COVID-19 District Update - March 18, 2020

West Hills colleagues:

Faculty and staff at all three sites and the district office are working incredibly hard in these unprecedented times to manage the implications of this public health crisis.  We are incredibly grateful for all of your efforts and recognize that this constitutes a monumental shift in how we function.  The news in our region continues to evolve by the hour.

Based on current guidance from the California Community Colleges Chancellor Eloy Oakley, and given that we cannot yet see the light at the end of the tunnel in this crisis, we are focusing on short-term decisions with an expectation that this crisis may last beyond the end of our spring semester.

While we are triaging the immediate needs of our students, faculty, and staff in these historic circumstances, we are also already preparing for potential budget repercussions.  Chancellor Oakley, in his recent guidance, noted the “strong possibility of a slowdown in the state’s economy.”  It is unclear what impact this crisis will have on district enrollment and state funding, but it is prudent to assume that the impacts will be significant.
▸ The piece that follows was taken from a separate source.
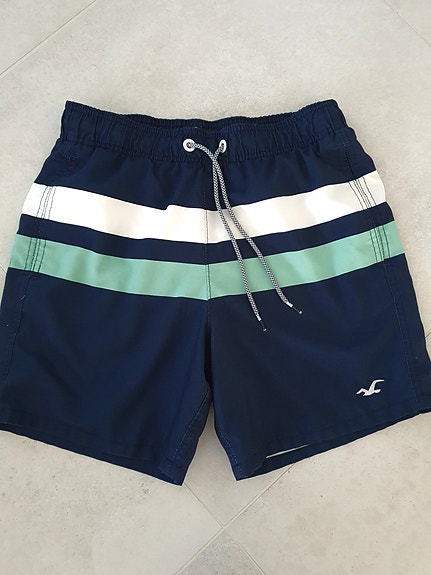Hollisterin uimashortsit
During the past 48 hours, our colleges and district have taken many steps to assist in today’s transition to move primarily online with our classes.  The efforts were impressive by any measure.  The voluntary training to assist faculty and staff prepare for this alternate delivery of classes was well attended and great strides were made to ensure that students were prepared as well.  We are incredibly proud of all faculty and staff for their efforts to determine which courses can be converted to temporary remote instruction, taking into account a variety of needed requirements.  It is important to understand that the steps taken over the past two days gets us close to our goal of primarily alternate instruction methods where it makes sense to do so.  There is more work ahead, particularly as we seek to quickly develop tactics to ensure technology and access are available to all students.

Additional actions include: 

  • Alternate methods of instruction commence 

Today, a majority of our class offerings transitioned to remote instruction.  As of this writing, the current timeframe is to continue remote instruction through April 24, 2020 but is subject to change.  We extend our appreciation for your incredible efforts over the past 48 hours.  Your efforts were essential to substantially limit in-person interaction on campus as requested by the State Chancellor’s Office and adheres to guidance from the California Department of Public Health.  Our collective thanks to all faculty and college leadership for their responsiveness.  You’ve been agile and understanding and your hard work is yet another example of what differentiates you from our competitors. 

  • Declaration of Emergency 

At a special meeting of the West Hills Community College District Board of Trustees on Tuesday, March 17, the Board unanimously voted to approve a Declaration of Emergency for West Hills.  This action should have minimal impact on the day-to-day operations of faculty and staff, but will allow us primarily to recoup a portion of state funds if we see an enrollment decline as a result of this crisis and enable us to act quickly to the changing landscape.  You can read the full resolution on the District website. 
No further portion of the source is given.